Task requirements
Wherever a line of the data contains "Jeans", copy that line.

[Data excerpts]
——————
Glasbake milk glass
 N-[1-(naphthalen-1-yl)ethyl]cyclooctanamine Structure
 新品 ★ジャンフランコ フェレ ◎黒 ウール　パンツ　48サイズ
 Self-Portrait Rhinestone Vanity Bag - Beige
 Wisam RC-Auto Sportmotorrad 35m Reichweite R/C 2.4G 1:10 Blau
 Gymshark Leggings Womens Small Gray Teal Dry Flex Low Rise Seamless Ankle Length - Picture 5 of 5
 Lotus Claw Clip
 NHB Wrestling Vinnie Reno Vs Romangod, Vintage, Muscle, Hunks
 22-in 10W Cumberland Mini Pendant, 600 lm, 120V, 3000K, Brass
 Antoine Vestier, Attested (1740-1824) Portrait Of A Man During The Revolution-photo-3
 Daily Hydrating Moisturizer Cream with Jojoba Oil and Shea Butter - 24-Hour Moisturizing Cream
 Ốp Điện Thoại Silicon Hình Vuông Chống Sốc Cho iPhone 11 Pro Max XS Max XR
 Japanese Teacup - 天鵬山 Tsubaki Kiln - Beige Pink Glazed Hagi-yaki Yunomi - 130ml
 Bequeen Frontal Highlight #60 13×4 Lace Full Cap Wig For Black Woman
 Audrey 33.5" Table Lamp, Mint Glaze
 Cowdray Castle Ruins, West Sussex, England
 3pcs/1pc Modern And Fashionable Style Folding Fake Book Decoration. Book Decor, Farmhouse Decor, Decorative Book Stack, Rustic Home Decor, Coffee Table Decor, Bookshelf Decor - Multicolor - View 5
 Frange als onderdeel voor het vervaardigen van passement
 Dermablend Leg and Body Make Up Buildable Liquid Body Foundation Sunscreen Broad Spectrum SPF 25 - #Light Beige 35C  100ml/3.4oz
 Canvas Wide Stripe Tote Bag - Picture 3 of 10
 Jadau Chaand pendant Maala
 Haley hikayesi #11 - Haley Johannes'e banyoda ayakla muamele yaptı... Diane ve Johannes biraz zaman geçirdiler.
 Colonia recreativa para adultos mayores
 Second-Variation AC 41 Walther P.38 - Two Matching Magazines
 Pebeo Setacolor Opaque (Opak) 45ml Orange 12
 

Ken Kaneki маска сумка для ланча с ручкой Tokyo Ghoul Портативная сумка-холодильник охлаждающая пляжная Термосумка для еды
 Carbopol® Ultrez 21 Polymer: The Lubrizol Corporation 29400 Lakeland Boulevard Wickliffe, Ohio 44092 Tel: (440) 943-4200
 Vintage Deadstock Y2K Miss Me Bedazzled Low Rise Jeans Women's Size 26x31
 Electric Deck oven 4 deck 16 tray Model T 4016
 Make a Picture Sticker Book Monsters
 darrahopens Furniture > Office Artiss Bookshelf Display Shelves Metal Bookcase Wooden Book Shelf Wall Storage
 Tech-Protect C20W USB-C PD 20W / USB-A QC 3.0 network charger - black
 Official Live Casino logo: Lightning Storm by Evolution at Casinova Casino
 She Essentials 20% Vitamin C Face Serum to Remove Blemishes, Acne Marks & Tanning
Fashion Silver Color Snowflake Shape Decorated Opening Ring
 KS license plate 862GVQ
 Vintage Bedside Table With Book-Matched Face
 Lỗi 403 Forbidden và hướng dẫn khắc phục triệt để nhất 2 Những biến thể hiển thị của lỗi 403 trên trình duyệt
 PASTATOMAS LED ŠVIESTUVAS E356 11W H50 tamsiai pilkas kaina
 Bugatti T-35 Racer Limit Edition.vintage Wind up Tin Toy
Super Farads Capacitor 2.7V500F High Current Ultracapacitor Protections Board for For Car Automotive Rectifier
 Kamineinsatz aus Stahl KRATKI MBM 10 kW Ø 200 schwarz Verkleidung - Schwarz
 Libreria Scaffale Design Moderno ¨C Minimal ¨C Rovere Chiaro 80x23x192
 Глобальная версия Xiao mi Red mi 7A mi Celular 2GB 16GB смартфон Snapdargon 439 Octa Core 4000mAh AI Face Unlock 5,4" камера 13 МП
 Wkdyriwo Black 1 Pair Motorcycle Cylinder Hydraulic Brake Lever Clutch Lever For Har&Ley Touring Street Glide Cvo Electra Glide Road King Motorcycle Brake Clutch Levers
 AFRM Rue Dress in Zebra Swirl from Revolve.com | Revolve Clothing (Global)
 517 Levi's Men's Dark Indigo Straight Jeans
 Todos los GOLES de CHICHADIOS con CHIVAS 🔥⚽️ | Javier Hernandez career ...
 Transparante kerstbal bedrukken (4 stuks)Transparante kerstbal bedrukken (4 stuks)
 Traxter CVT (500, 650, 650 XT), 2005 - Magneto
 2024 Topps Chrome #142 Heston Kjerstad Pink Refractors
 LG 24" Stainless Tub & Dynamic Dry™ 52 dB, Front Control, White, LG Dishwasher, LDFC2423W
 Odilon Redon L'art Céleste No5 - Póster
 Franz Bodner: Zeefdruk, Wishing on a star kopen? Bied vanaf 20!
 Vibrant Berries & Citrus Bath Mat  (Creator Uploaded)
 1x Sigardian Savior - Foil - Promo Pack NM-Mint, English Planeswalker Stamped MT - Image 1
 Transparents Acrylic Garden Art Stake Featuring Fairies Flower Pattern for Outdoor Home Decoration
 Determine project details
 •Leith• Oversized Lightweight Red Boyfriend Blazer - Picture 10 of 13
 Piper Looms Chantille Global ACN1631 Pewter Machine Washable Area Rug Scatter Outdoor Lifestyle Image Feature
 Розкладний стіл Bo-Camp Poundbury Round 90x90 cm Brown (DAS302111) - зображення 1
——————
Solution to this task
 Vintage Deadstock Y2K Miss Me Bedazzled Low Rise Jeans Women's Size 26x31
 517 Levi's Men's Dark Indigo Straight Jeans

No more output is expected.